The all-day seminar at the Santa Monica Civic Auditorium focused on “Cracking the Code on Social Media for Small Business.” Throughout the day, various marketing and web experts (including yours truly), small business owners, and development agencies chimed in with their take on social media.

Not only did Constant Contact put on an A+ event, they did so at no charge to attendees (and also provided validated parking, a complimentary lunch, free massages, raffles, and more).  I’m not sure how they do it where you’re from, but in Los Angeles, this kind of generosity is unprecedented. Constant Contact = Class Act.

Their lineup of speakers was pretty great, too, and a lot of pearls of wisdom were delivered throughout the day…

Luckily, my friend Sarah Daniels at Play On Words was busily live tweeting and shared her highlights with me afterward.

For my perspective, the four main themes of the day were…

1.) Learn to love (and create) different kinds of content.

  • "Social media marketing is the new ‘word of mouth’ in this digital age. … You want to create content that inspires sharing. … But change your messaging for LinkedIn, Facebook, and Twitter; they use different types of ‘language’." @kellyflint
    Kelly Flint, Regional Development Director, Los Angeles, Constant Contact
  • "[Social media] works incredibly well when you give, give, give! I mean, I suck at writing, but I can do 140 characters.

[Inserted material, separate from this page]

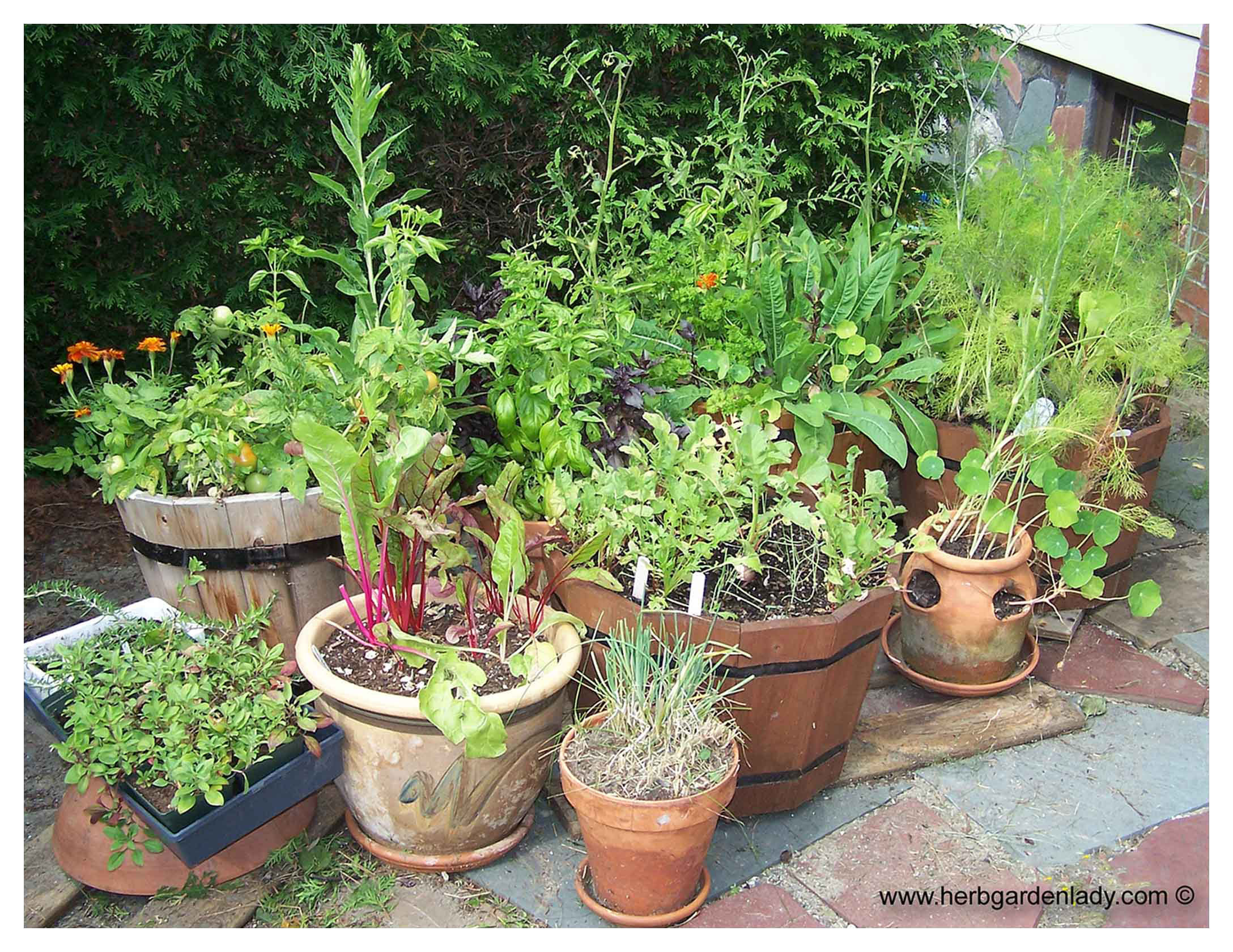 Simphome.com plant a container garden following these easy steps pertaining to potted herb garden ideas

It’s easy." @seo_kiwi @scorela
    Aaron “Kiwi” Franklin
    Internet Marketing Specialist, SEO Kiwi
    Counselor, SCORE Los Angeles
  • "[Editorial] is important. Tonight, send your story to an editor on LinkedIn. … Also, be sure to make a list of bloggers who are writing within your [business] community." @monicarayes
    Monica Rayes, Marketing and Sales Counselor, California Small Business Development Center, Los Angeles Regional Network
  • "[Video] is where it’s at. … Product pages that have video sell at twice the rate of those that don’t." @sunnylandpics
    Katie Covell, Founder and Executive Producer, Sunnyland Pictures

2.) Be everywhere you can be online.

  • "I think [social media] is an ‘and’ situation. You need a website and a Facebook and a YouTube and, and, and." @stuatkins
    Stu Atkins, Owner, Atkins Marketing Solutions
  • "Your contacts want to stay connected with you on *their* terms." @kellyflint
    Kelly Flint, Regional Development Director, Los Angeles, Constant Contact
  • "Many of your big competitors aren’t on this [social] stuff yet. You can take advantage of that situation." @seo_kiwi @scorela
    Aaron “Kiwi” Franklin
    Internet Marketing Specialist, SEO Kiwi
    Counselor, SCORE Los Angeles

3.) Don’ be afraid to ask for help—or money.

  • "Listen to what [customers] want and then tell them what *you* do." @hutdogs
    Dave Finstrom, Owner, HUTdogs
  • "It’s one thing to think that your business won’t qualify for a loan, but it’s another thing to understand why." @marticedmills
    Martice D. Mills, Manager of Business Development, FAME Corporations

4.) Find a balance between your business and your social media efforts (if possible).

  • "Doing social media right does not mean doing it a lot." @gailgoodman
    Kelly Flint, Regional Development Director, Los Angeles, Constant Contact

    quoting Gail F. Goodman, Chairman, President, and CEO, Constant Contact
  • "Get your friends and other small business owners to help you go outside your circle." @enCOMPASSlife
    Elizabeth Gordon, Owner, enCOMPASS Your Life
  • "The internet’s important, but don’t forget the human element. … Kindness is important too." @stuatkins
    Stu Atkins, Owner, Atkins Marketing Solutions

My sense is that “cracking the social media code” is all about realizing that you’re selling much more than products and services; you’re selling relationships. I think that Mister Kiwi hit the nail; on the head when he said, “Marketing is about to get a whole lot harder. You’re going to have to really work at it and show you care.”